#### Aim of the exercise:
The expected response is the full set of records, unchanged.

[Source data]

* * * * * * *

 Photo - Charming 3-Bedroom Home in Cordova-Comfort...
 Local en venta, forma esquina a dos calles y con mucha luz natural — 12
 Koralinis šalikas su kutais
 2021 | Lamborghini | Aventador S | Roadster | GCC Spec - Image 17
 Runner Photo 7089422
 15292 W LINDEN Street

* * * * * * *

#### Your solution:
 Photo - Charming 3-Bedroom Home in Cordova-Comfort...
 Local en venta, forma esquina a dos calles y con mucha luz natural — 12
 Koralinis šalikas su kutais
 2021 | Lamborghini | Aventador S | Roadster | GCC Spec - Image 17
 Runner Photo 7089422
 15292 W LINDEN Street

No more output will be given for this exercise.